(Records to process):
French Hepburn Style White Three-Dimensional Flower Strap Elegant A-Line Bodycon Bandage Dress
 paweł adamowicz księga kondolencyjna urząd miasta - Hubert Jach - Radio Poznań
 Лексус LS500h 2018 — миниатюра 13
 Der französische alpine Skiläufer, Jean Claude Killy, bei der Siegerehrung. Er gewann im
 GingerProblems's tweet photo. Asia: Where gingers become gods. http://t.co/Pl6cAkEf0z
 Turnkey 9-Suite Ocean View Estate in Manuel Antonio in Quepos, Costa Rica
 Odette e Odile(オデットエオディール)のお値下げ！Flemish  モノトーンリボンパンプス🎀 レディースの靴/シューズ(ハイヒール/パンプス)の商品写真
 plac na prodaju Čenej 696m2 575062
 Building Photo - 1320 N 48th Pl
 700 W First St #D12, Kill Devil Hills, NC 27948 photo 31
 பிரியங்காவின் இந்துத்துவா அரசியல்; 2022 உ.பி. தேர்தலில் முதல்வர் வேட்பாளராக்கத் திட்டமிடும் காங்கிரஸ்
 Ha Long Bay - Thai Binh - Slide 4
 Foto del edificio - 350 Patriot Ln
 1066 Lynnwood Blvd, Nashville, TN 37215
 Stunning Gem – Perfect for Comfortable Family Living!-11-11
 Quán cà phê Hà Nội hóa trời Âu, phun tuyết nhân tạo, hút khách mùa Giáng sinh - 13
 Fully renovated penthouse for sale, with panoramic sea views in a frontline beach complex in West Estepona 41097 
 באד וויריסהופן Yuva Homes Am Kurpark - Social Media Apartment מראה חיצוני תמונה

(Your task):
Set down exactly the line with "700 W First" and each line after it up to the end of the records, adding nothing.

(Answer area):
 700 W First St #D12, Kill Devil Hills, NC 27948 photo 31
 பிரியங்காவின் இந்துத்துவா அரசியல்; 2022 உ.பி. தேர்தலில் முதல்வர் வேட்பாளராக்கத் திட்டமிடும் காங்கிரஸ்
 Ha Long Bay - Thai Binh - Slide 4
 Foto del edificio - 350 Patriot Ln
 1066 Lynnwood Blvd, Nashville, TN 37215
 Stunning Gem – Perfect for Comfortable Family Living!-11-11
 Quán cà phê Hà Nội hóa trời Âu, phun tuyết nhân tạo, hút khách mùa Giáng sinh - 13
 Fully renovated penthouse for sale, with panoramic sea views in a frontline beach complex in West Estepona 41097 
 באד וויריסהופן Yuva Homes Am Kurpark - Social Media Apartment מראה חיצוני תמונה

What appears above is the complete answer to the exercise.